What you return should be only the lines starting at the one that contains "Used 2020 Bentley Continental GT image 27" and running to the end of the listing, exactly as written, minus any pictures.

(Beginning of GIVEN DATA)

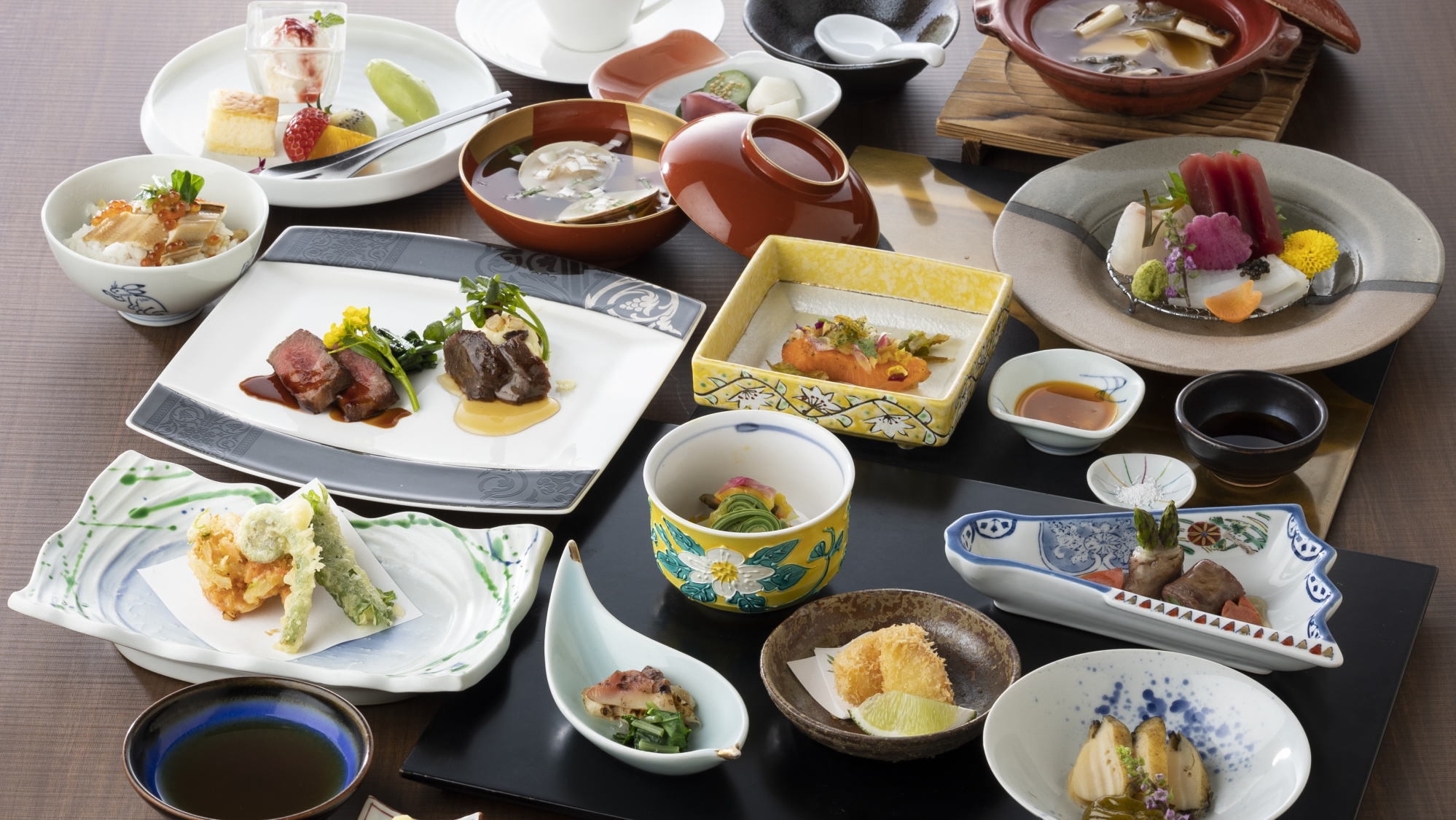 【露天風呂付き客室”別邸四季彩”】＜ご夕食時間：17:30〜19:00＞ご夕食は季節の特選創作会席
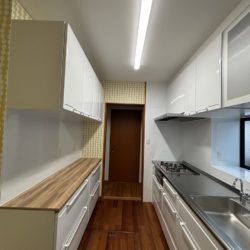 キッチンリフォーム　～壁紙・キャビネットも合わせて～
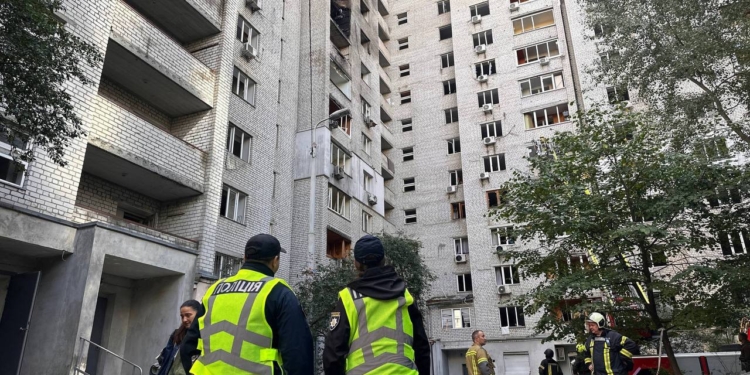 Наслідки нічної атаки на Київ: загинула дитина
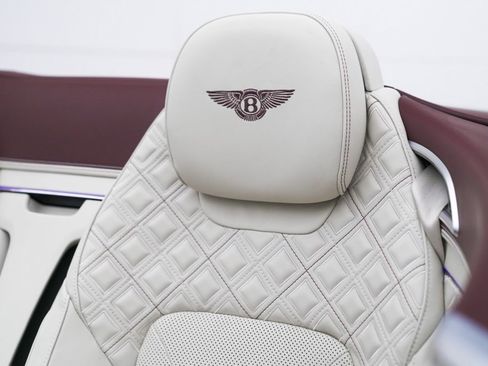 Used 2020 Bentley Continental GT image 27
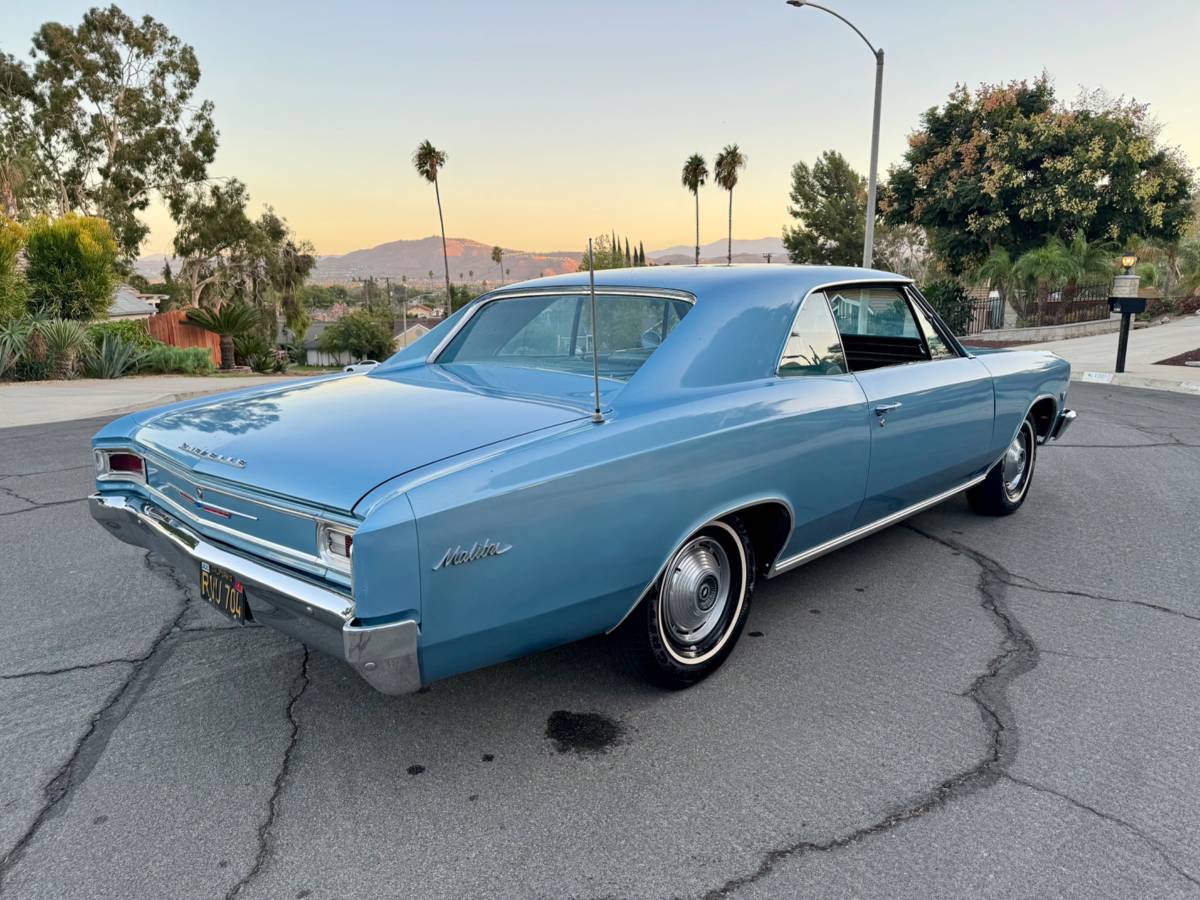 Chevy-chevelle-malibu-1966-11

(End of GIVEN DATA)

§ **EXERCISE RESULT**
 Used 2020 Bentley Continental GT image 27
 Chevy-chevelle-malibu-1966-11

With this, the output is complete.